Your task: Type out all the data below, word for word.

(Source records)

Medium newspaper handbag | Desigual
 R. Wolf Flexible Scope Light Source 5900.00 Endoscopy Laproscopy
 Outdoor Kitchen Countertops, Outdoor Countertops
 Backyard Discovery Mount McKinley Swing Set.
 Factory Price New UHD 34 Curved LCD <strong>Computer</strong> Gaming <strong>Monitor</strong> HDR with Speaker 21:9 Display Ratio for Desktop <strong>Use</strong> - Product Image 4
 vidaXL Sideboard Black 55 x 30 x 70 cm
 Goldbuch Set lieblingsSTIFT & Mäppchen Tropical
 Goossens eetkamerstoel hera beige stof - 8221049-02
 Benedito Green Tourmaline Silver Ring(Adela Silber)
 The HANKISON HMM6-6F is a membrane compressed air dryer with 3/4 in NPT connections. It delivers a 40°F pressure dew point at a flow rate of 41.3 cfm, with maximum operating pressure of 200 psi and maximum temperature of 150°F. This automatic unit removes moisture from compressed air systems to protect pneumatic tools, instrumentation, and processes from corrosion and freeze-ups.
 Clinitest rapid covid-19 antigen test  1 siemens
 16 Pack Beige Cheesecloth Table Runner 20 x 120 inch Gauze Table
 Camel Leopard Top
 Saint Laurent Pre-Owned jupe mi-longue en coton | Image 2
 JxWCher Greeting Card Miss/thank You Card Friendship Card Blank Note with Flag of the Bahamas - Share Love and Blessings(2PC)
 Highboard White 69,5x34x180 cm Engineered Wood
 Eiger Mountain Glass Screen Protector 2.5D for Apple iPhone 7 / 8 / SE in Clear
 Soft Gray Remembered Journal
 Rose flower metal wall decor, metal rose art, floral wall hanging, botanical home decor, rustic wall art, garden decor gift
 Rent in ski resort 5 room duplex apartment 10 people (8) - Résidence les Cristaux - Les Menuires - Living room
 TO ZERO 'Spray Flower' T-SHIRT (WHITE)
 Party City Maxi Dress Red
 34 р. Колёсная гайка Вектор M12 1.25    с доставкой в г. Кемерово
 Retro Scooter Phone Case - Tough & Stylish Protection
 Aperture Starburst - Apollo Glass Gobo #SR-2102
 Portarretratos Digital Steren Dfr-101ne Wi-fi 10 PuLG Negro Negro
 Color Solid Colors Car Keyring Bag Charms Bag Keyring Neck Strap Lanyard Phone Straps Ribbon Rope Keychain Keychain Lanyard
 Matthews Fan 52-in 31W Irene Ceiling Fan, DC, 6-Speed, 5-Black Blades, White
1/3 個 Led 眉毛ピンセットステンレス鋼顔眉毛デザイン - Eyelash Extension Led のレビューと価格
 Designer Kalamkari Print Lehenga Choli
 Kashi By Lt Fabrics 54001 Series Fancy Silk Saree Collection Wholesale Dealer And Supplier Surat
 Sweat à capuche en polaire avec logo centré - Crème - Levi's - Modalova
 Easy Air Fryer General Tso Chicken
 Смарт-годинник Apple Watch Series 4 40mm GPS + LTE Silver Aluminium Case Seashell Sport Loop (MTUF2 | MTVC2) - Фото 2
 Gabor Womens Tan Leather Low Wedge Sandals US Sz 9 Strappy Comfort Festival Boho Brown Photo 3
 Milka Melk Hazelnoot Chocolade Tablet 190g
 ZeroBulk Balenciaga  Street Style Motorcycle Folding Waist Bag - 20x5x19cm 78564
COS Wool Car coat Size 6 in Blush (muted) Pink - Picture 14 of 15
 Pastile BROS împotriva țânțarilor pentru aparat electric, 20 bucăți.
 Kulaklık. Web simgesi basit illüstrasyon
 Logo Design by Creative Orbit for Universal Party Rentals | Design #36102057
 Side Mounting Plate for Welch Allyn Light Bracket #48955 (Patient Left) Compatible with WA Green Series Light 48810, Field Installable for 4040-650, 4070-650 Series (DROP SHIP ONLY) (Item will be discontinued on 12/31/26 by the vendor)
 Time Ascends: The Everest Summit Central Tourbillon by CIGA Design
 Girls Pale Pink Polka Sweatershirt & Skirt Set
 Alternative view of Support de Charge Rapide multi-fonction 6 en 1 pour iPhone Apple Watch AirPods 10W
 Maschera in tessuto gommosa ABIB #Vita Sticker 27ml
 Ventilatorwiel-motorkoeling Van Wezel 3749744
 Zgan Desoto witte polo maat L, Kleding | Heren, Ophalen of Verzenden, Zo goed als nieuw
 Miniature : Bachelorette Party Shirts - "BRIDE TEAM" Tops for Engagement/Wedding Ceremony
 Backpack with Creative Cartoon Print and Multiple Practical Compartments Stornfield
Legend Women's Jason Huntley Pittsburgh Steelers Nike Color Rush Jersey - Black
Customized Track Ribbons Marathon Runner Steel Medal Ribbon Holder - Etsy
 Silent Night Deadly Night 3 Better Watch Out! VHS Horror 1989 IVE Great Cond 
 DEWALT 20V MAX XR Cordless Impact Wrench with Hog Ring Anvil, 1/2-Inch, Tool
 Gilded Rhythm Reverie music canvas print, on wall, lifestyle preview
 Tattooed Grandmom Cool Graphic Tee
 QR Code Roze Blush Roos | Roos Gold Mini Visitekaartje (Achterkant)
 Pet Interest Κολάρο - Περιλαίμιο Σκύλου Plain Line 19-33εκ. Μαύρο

Written response:
Medium newspaper handbag | Desigual
 R. Wolf Flexible Scope Light Source 5900.00 Endoscopy Laproscopy
 Outdoor Kitchen Countertops, Outdoor Countertops
 Backyard Discovery Mount McKinley Swing Set.
 Factory Price New UHD 34 Curved LCD <strong>Computer</strong> Gaming <strong>Monitor</strong> HDR with Speaker 21:9 Display Ratio for Desktop <strong>Use</strong> - Product Image 4
 vidaXL Sideboard Black 55 x 30 x 70 cm
 Goldbuch Set lieblingsSTIFT & Mäppchen Tropical
 Goossens eetkamerstoel hera beige stof - 8221049-02
 Benedito Green Tourmaline Silver Ring(Adela Silber)
 The HANKISON HMM6-6F is a membrane compressed air dryer with 3/4 in NPT connections. It delivers a 40°F pressure dew point at a flow rate of 41.3 cfm, with maximum operating pressure of 200 psi and maximum temperature of 150°F. This automatic unit removes moisture from compressed air systems to protect pneumatic tools, instrumentation, and processes from corrosion and freeze-ups.
 Clinitest rapid covid-19 antigen test  1 siemens
 16 Pack Beige Cheesecloth Table Runner 20 x 120 inch Gauze Table
 Camel Leopard Top
 Saint Laurent Pre-Owned jupe mi-longue en coton | Image 2
 JxWCher Greeting Card Miss/thank You Card Friendship Card Blank Note with Flag of the Bahamas - Share Love and Blessings(2PC)
 Highboard White 69,5x34x180 cm Engineered Wood
 Eiger Mountain Glass Screen Protector 2.5D for Apple iPhone 7 / 8 / SE in Clear
 Soft Gray Remembered Journal
 Rose flower metal wall decor, metal rose art, floral wall hanging, botanical home decor, rustic wall art, garden decor gift
 Rent in ski resort 5 room duplex apartment 10 people (8) - Résidence les Cristaux - Les Menuires - Living room
 TO ZERO 'Spray Flower' T-SHIRT (WHITE)
 Party City Maxi Dress Red
 34 р. Колёсная гайка Вектор M12 1.25    с доставкой в г. Кемерово
 Retro Scooter Phone Case - Tough & Stylish Protection
 Aperture Starburst - Apollo Glass Gobo #SR-2102
 Portarretratos Digital Steren Dfr-101ne Wi-fi 10 PuLG Negro Negro
 Color Solid Colors Car Keyring Bag Charms Bag Keyring Neck Strap Lanyard Phone Straps Ribbon Rope Keychain Keychain Lanyard
 Matthews Fan 52-in 31W Irene Ceiling Fan, DC, 6-Speed, 5-Black Blades, White
1/3 個 Led 眉毛ピンセットステンレス鋼顔眉毛デザイン - Eyelash Extension Led のレビューと価格
 Designer Kalamkari Print Lehenga Choli
 Kashi By Lt Fabrics 54001 Series Fancy Silk Saree Collection Wholesale Dealer And Supplier Surat
 Sweat à capuche en polaire avec logo centré - Crème - Levi's - Modalova
 Easy Air Fryer General Tso Chicken
 Смарт-годинник Apple Watch Series 4 40mm GPS + LTE Silver Aluminium Case Seashell Sport Loop (MTUF2 | MTVC2) - Фото 2
 Gabor Womens Tan Leather Low Wedge Sandals US Sz 9 Strappy Comfort Festival Boho Brown Photo 3
 Milka Melk Hazelnoot Chocolade Tablet 190g
 ZeroBulk Balenciaga  Street Style Motorcycle Folding Waist Bag - 20x5x19cm 78564
COS Wool Car coat Size 6 in Blush (muted) Pink - Picture 14 of 15
 Pastile BROS împotriva țânțarilor pentru aparat electric, 20 bucăți.
 Kulaklık. Web simgesi basit illüstrasyon
 Logo Design by Creative Orbit for Universal Party Rentals | Design #36102057
 Side Mounting Plate for Welch Allyn Light Bracket #48955 (Patient Left) Compatible with WA Green Series Light 48810, Field Installable for 4040-650, 4070-650 Series (DROP SHIP ONLY) (Item will be discontinued on 12/31/26 by the vendor)
 Time Ascends: The Everest Summit Central Tourbillon by CIGA Design
 Girls Pale Pink Polka Sweatershirt & Skirt Set
 Alternative view of Support de Charge Rapide multi-fonction 6 en 1 pour iPhone Apple Watch AirPods 10W
 Maschera in tessuto gommosa ABIB #Vita Sticker 27ml
 Ventilatorwiel-motorkoeling Van Wezel 3749744
 Zgan Desoto witte polo maat L, Kleding | Heren, Ophalen of Verzenden, Zo goed als nieuw
 Miniature : Bachelorette Party Shirts - "BRIDE TEAM" Tops for Engagement/Wedding Ceremony
 Backpack with Creative Cartoon Print and Multiple Practical Compartments Stornfield
Legend Women's Jason Huntley Pittsburgh Steelers Nike Color Rush Jersey - Black
Customized Track Ribbons Marathon Runner Steel Medal Ribbon Holder - Etsy
 Silent Night Deadly Night 3 Better Watch Out! VHS Horror 1989 IVE Great Cond 
 DEWALT 20V MAX XR Cordless Impact Wrench with Hog Ring Anvil, 1/2-Inch, Tool
 Gilded Rhythm Reverie music canvas print, on wall, lifestyle preview
 Tattooed Grandmom Cool Graphic Tee
 QR Code Roze Blush Roos | Roos Gold Mini Visitekaartje (Achterkant)
 Pet Interest Κολάρο - Περιλαίμιο Σκύλου Plain Line 19-33εκ. Μαύρο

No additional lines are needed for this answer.